### PROVIDED MATERIAL
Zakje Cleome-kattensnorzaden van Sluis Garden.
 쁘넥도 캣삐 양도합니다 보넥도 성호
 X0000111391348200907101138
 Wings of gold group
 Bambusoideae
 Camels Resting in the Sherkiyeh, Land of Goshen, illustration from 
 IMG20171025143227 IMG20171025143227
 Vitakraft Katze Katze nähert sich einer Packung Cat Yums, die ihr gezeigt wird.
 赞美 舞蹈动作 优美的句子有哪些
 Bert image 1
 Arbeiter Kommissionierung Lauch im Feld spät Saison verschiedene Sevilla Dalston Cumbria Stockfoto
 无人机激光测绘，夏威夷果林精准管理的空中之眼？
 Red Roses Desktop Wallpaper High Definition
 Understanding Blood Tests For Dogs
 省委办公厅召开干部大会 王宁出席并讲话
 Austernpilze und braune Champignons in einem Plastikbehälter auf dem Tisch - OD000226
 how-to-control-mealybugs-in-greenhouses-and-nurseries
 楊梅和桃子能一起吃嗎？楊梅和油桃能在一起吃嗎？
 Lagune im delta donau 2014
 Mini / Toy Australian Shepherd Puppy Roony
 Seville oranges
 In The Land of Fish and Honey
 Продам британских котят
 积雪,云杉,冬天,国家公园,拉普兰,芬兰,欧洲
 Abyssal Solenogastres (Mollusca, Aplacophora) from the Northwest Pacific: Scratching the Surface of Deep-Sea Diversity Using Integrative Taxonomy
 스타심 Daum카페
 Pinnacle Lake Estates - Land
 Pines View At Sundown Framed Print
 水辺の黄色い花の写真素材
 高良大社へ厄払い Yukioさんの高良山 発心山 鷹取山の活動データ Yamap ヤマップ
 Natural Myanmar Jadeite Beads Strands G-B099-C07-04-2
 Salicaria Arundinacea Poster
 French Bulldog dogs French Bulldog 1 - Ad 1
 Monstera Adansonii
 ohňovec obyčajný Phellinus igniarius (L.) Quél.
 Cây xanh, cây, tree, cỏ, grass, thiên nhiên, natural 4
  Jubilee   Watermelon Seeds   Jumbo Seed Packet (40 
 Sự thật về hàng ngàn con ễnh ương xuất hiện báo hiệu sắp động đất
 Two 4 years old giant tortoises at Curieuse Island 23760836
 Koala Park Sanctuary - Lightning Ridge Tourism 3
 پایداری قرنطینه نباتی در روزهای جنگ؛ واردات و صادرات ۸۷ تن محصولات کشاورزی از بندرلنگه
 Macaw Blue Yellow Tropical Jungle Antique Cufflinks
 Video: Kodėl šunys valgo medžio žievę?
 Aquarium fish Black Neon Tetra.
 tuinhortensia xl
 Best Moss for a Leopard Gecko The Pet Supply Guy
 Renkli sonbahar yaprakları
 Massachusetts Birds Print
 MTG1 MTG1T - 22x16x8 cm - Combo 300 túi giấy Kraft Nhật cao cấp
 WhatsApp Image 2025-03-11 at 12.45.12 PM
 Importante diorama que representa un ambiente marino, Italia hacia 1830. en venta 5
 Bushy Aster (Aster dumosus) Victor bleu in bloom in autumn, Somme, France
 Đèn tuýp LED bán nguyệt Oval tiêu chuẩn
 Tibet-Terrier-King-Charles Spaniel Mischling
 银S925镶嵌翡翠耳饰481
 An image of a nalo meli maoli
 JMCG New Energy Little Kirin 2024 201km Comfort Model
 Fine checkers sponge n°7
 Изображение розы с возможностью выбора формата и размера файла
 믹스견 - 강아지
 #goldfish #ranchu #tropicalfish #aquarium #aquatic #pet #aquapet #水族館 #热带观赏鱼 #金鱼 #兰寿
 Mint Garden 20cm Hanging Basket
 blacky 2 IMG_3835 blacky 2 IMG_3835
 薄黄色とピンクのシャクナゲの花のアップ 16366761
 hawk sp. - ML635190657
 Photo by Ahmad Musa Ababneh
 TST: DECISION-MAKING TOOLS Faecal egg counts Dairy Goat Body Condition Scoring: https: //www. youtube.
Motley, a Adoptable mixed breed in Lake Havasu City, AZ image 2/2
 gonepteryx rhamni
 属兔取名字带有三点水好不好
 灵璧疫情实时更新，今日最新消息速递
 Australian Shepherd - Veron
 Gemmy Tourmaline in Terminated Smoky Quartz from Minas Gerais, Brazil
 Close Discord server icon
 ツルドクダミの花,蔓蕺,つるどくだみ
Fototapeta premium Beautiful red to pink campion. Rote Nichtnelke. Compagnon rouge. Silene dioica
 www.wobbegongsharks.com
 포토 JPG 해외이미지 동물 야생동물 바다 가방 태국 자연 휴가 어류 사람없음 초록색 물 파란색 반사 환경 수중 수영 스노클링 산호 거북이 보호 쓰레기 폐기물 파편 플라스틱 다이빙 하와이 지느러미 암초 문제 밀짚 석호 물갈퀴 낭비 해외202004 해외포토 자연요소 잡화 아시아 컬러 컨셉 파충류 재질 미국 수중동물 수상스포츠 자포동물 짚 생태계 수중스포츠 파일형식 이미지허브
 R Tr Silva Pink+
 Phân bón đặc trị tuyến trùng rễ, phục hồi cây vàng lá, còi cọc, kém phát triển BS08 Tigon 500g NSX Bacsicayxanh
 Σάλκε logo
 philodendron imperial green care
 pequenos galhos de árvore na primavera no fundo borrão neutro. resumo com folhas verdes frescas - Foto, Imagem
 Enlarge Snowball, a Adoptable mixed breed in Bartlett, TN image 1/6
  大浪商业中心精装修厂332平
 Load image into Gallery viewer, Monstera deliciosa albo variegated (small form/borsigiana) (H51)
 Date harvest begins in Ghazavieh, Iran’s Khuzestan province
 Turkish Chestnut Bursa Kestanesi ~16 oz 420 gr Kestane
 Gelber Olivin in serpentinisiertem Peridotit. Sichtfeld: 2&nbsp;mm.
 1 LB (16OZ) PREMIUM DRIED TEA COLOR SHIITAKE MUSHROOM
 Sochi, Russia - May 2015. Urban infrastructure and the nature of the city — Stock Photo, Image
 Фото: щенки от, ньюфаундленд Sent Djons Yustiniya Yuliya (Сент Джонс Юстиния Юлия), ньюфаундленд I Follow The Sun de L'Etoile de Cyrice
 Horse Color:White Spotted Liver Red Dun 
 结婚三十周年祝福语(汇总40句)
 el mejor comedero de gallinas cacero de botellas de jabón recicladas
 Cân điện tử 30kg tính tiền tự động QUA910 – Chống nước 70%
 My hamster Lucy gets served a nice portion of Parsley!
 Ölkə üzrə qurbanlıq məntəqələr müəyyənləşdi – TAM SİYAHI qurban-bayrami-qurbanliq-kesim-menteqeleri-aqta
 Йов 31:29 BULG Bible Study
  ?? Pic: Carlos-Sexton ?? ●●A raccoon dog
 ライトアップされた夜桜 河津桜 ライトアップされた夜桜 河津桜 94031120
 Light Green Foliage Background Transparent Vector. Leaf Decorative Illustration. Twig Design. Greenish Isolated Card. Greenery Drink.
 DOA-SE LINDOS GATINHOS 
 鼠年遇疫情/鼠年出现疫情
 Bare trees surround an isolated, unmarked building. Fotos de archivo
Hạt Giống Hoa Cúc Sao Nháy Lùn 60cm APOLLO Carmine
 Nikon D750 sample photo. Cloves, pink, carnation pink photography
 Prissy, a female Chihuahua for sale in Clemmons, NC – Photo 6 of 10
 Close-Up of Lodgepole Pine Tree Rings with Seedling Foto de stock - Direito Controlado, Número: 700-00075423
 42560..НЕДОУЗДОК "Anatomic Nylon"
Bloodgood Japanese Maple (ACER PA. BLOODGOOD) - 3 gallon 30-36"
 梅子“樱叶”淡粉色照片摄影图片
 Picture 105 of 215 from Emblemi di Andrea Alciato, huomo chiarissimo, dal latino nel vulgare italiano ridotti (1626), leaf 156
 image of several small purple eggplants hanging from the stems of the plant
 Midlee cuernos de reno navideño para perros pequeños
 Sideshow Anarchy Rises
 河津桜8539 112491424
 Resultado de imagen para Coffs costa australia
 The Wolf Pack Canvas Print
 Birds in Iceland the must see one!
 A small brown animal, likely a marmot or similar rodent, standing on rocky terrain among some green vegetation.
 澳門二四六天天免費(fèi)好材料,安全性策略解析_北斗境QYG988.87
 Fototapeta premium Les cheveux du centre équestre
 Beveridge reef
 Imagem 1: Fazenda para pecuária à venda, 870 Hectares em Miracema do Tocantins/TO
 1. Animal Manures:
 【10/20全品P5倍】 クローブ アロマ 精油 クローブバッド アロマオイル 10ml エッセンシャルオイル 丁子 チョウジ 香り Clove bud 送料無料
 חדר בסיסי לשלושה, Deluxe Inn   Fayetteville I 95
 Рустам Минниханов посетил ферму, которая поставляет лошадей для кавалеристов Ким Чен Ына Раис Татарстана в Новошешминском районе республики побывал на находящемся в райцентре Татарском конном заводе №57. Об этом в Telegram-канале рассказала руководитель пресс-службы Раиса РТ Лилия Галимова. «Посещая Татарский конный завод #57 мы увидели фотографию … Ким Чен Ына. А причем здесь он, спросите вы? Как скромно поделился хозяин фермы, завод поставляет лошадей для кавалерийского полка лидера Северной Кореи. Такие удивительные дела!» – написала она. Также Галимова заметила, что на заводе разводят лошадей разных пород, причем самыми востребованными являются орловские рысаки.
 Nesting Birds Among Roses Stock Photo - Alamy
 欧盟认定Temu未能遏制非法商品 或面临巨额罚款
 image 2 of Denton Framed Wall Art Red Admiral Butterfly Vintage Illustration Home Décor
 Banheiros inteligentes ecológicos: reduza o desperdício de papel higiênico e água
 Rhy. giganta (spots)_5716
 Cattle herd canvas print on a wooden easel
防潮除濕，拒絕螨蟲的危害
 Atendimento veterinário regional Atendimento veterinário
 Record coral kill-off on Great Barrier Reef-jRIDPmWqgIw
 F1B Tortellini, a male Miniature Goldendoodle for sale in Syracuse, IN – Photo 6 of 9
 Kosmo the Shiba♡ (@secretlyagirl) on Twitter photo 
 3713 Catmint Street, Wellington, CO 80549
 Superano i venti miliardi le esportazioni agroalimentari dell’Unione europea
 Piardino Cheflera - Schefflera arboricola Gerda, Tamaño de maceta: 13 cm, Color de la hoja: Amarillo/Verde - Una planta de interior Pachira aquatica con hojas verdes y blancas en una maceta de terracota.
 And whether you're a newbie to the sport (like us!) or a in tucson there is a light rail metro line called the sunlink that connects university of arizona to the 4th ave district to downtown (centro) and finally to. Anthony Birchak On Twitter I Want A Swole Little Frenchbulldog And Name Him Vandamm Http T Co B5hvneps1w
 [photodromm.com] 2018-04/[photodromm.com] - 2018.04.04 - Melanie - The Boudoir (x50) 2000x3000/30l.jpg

### EXERCISE
After locating the line with "Рустам Минниханов посетил" in the material above, return it and each line after it exactly, ending at the line with "欧盟认定Temu未能遏制非法商品 或面临巨额罚款".

### ANSWER FOR THIS EXERCISE
 Рустам Минниханов посетил ферму, которая поставляет лошадей для кавалеристов Ким Чен Ына Раис Татарстана в Новошешминском районе республики побывал на находящемся в райцентре Татарском конном заводе №57. Об этом в Telegram-канале рассказала руководитель пресс-службы Раиса РТ Лилия Галимова. «Посещая Татарский конный завод #57 мы увидели фотографию … Ким Чен Ына. А причем здесь он, спросите вы? Как скромно поделился хозяин фермы, завод поставляет лошадей для кавалерийского полка лидера Северной Кореи. Такие удивительные дела!» – написала она. Также Галимова заметила, что на заводе разводят лошадей разных пород, причем самыми востребованными являются орловские рысаки.
 Nesting Birds Among Roses Stock Photo - Alamy
 欧盟认定Temu未能遏制非法商品 或面临巨额罚款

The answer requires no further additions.